2.1.10

Os Quadrinhos Autorais

Artigo escrito para a Oficina de Quadrinhos Autorais.

Assim como na música, existe uma categoria autoral dentro da produção de histórias em quadrinhos que, em cada canto do mundo e em cada artista, se exprime de forma singular. Há alguns anos, quando a internet abriu as mentes e nos fez enxergar em outras direções houve uma redescoberta e uma renovação na produção das histórias em quadrinhos autorais ao redor do mundo. Antes, obras dessa natureza, eram raras e muitas vezes estavam restritas a certos guetos.

A ascendente produção das histórias em quadrinhos, desde o aparecimento do jornal impresso no final do século XIX, vivenciou bem de perto o período de censura dos anos 50 nos EUA. Foram escritos livros sobre o mal que essa mídia causava na mente dos jovens a ponto de provocar males sociais como atos de vandalismo e delinqüência, resultando na queima de montanhas de quadrinhos em público e a criação de um “código de autoridade”, que passou a restringir o conteúdo das publicações mais populares do mundo. Muitas editoras faliram ou tiveram que se adequar ao código, que proibia o uso de gírias e roupas sensuais, para citar exemplos. A imagem negativa propagada por essa campanha foi tão grande que ainda hoje muitos pais se preocupam quando seus filhos começam a ler “outros” quadrinhos. Em reação a esse código, o aparecimento da revista MAD, ainda nos anos 50, editada por Harvey Kurtzman, que em suas páginas retratava cinicamente com humor uma sociedade americana abobalhada, criou o terreno fértil para o furioso Comix Underground da década seguinte. Foram autores como Crumb, Williams, Griffin, Shelton os primeiros a publicar seu material de forma independente. Olhando bem para o passado a partir desse ponto da história, não será difícil perceber que os quadrinhos, desde o seu nascimento, sempre foram produzidos sob a influência direta dos acontecimentos da realidade urbana, captavam o espírito do momento e se aproximavam de quem estava antenado na mesma frequencia. Por isso os anos 60 são os mais importantes para essa resistência dentro dos quadrinhos. Um período marcado por guerras e repressão, crise que resultou em grande fervor criativo da juventude daquele período.

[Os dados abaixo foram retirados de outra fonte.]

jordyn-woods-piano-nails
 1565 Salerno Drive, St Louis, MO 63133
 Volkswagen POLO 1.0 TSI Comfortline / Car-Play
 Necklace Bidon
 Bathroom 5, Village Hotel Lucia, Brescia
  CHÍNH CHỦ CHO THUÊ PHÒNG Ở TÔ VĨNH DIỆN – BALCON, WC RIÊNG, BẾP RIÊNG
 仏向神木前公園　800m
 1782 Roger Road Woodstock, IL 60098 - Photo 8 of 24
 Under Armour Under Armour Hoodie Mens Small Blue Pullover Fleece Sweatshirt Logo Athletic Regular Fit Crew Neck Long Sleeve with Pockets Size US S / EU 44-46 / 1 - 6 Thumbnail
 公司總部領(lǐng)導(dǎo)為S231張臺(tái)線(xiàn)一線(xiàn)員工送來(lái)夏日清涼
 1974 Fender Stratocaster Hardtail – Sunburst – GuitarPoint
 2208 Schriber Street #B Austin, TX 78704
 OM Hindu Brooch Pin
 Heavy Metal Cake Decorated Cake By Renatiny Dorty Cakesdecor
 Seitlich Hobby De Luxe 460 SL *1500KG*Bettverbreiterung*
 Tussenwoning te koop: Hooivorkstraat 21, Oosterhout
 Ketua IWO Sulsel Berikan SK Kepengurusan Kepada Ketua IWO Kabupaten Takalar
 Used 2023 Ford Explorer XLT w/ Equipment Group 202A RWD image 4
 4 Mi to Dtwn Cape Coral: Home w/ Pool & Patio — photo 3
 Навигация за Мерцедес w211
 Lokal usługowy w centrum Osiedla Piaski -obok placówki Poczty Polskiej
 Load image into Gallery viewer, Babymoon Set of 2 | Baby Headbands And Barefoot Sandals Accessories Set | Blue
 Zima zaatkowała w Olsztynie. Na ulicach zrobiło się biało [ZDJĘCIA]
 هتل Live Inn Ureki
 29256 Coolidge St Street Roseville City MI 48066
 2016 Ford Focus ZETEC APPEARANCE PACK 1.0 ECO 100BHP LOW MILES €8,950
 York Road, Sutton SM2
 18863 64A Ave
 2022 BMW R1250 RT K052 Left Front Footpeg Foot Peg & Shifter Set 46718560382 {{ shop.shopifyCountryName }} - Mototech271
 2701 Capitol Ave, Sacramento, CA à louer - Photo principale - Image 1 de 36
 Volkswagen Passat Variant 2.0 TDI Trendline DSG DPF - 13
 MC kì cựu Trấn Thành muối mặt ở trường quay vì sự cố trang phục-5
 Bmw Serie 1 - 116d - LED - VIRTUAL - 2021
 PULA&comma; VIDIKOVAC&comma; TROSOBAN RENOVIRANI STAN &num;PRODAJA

Assim como os Beatles ou o Google, os quadrinhos underground repercutiram de forma assombrosa em pouco tempo, enraizando-se nas diversas culturas, influenciando a identidade dos jovens ao lado da música, do cinema, do surf, do graffiti, etc. no mundo inteiro, inclusive no Brasil e na Europa. O aparecimento de bons artistas de histórias em quadrinhos é uma constante. Moebius, Crepax, Manara despontavam na Europa. Henfil, Angeli, Laerte, Fabio Zimbres, Adão através das revistas como Balão, O Pasquim, Chiclete com Banana, Animal, Dumdum e tantas outras, demonstram que o Brasil sempre esteve em conexão com sua produção vanguardista de histórias em quadrinhos. Mais recentemente a internet revelou-nos novos autores brasileiros como André Dahmer, Rafael Sica, Caco Galhardo, Allan Sieber, Arnaldo Branco, o argentino Liniers e diversos franceses, italianos e espanhóis.

Os quadrinhos autorais são os que se revigoram a cada geração e absorvem as mudanças da sociedade, alimentam-se das experiências de outras linguagens artísticas como a música, a literatura, o cinema, as artes plásticas e são movidos pela paixão de quem os faz, pessoas com algo a dizer no momento. Cada vez mais aparecem histórias em quadrinhos que exprimem vontade de estabelecer relações de intimidade com o leitor e de convidá-lo à reflexão, livres para recriar estéticas com ampla possibilidade para a expressão artística. Por ser uma mídia de grande facilidade técnica e imenso carisma no imaginário popular, ela cumpre bem o seu papel de ser um veículo artístico que conecta os seres humanos.

2 comentários:

henrique disse...

eh quase um manifesto.

Vitor Batista disse...

Levem em consideração que se trata de um texto para iniciantes. Geralmente os participantes das oficinas vêm de contextos completamente diferentes uns dos outros. Então é meio que preciso criar uma base de referencias do meio underground, que é totalmente constestável, híbrida e mutante!